#### WHAT YOU HAVE TO DO:
Transcribe the following entries word for word. End with the line where "(พร้อมส่ง) TEA 🫖" appears.

****************

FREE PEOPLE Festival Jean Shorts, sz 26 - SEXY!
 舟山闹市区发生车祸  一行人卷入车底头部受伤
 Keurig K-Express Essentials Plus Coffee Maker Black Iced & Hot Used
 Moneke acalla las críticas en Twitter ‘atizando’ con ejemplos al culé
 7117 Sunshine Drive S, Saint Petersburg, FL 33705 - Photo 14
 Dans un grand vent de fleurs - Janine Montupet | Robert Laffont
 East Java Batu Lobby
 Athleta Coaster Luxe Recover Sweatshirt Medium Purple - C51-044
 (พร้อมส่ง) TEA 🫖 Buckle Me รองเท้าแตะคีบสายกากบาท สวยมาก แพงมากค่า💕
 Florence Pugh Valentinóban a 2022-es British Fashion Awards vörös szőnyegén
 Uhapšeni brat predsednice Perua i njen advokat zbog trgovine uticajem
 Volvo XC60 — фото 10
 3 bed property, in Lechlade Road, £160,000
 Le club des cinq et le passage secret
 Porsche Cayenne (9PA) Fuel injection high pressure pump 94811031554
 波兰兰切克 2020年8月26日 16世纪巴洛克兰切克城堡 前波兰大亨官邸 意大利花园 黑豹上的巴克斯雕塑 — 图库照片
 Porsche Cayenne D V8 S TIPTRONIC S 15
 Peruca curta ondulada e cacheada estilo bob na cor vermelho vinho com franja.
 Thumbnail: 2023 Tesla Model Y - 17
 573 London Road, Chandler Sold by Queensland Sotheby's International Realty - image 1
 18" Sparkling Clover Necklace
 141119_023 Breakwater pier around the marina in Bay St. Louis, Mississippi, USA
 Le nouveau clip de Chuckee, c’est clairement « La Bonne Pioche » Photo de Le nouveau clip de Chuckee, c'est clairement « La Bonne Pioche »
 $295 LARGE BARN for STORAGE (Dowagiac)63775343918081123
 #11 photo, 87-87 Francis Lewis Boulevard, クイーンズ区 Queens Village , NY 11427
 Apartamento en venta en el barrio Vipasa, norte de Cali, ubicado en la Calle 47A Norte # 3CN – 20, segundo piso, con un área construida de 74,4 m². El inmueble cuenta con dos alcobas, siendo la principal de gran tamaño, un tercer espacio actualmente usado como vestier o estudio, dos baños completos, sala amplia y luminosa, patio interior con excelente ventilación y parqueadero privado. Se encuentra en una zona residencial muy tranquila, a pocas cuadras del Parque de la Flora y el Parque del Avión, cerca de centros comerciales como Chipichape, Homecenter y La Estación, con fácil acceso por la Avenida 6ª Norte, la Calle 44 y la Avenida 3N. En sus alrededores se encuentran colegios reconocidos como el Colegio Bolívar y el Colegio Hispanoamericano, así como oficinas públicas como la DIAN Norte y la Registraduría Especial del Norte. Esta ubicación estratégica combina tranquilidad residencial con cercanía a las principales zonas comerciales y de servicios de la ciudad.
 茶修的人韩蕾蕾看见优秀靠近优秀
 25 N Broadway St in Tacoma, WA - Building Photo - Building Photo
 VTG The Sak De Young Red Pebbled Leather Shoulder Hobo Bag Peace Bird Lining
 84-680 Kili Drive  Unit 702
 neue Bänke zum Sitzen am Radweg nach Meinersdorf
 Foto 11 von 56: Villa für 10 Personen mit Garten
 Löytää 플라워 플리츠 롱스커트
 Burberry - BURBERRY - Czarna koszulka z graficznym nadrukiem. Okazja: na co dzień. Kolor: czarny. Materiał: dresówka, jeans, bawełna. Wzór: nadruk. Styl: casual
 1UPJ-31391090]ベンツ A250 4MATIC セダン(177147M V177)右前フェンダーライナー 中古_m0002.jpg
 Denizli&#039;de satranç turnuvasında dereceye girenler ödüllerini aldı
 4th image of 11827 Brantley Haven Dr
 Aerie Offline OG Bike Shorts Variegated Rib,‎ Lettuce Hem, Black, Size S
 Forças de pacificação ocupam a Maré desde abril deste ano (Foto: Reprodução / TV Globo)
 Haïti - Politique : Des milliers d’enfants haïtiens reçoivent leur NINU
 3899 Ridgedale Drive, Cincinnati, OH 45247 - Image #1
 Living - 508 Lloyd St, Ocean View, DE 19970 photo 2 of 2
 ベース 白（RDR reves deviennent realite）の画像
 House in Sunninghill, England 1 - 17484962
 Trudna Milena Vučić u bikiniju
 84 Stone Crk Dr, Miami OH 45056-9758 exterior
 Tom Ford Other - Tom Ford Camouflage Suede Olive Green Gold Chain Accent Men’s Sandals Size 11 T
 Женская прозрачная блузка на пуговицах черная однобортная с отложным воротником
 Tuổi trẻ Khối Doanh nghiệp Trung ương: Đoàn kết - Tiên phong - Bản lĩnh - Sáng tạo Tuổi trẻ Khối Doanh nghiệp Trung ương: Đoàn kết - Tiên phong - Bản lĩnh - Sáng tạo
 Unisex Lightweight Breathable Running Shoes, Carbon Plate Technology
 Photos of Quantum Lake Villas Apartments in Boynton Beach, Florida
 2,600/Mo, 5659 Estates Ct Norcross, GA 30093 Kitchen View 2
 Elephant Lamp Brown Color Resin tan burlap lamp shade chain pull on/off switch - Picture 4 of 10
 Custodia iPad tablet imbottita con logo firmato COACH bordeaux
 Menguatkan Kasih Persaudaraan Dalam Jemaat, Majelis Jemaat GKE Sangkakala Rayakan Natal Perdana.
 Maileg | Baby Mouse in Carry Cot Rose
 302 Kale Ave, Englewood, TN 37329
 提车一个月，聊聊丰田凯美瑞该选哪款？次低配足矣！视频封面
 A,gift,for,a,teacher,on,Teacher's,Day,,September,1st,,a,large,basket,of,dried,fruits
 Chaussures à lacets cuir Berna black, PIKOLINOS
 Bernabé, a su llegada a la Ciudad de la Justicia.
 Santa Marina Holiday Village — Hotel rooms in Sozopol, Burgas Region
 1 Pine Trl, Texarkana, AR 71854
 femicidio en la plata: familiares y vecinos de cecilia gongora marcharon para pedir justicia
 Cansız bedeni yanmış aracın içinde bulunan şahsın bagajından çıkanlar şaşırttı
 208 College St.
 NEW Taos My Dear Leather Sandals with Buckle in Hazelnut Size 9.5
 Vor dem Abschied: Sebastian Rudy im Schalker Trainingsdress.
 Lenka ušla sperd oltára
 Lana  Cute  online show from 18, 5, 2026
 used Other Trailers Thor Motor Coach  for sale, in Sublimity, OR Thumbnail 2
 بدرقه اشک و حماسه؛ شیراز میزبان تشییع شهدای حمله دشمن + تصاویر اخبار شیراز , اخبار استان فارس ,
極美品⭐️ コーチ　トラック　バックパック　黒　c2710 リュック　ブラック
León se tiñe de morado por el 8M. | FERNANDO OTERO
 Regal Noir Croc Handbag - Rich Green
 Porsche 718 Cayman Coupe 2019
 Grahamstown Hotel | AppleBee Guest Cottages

****************

#### REPLY:
FREE PEOPLE Festival Jean Shorts, sz 26 - SEXY!
 舟山闹市区发生车祸  一行人卷入车底头部受伤
 Keurig K-Express Essentials Plus Coffee Maker Black Iced & Hot Used
 Moneke acalla las críticas en Twitter ‘atizando’ con ejemplos al culé
 7117 Sunshine Drive S, Saint Petersburg, FL 33705 - Photo 14
 Dans un grand vent de fleurs - Janine Montupet | Robert Laffont
 East Java Batu Lobby
 Athleta Coaster Luxe Recover Sweatshirt Medium Purple - C51-044
 (พร้อมส่ง) TEA 🫖 Buckle Me รองเท้าแตะคีบสายกากบาท สวยมาก แพงมากค่า💕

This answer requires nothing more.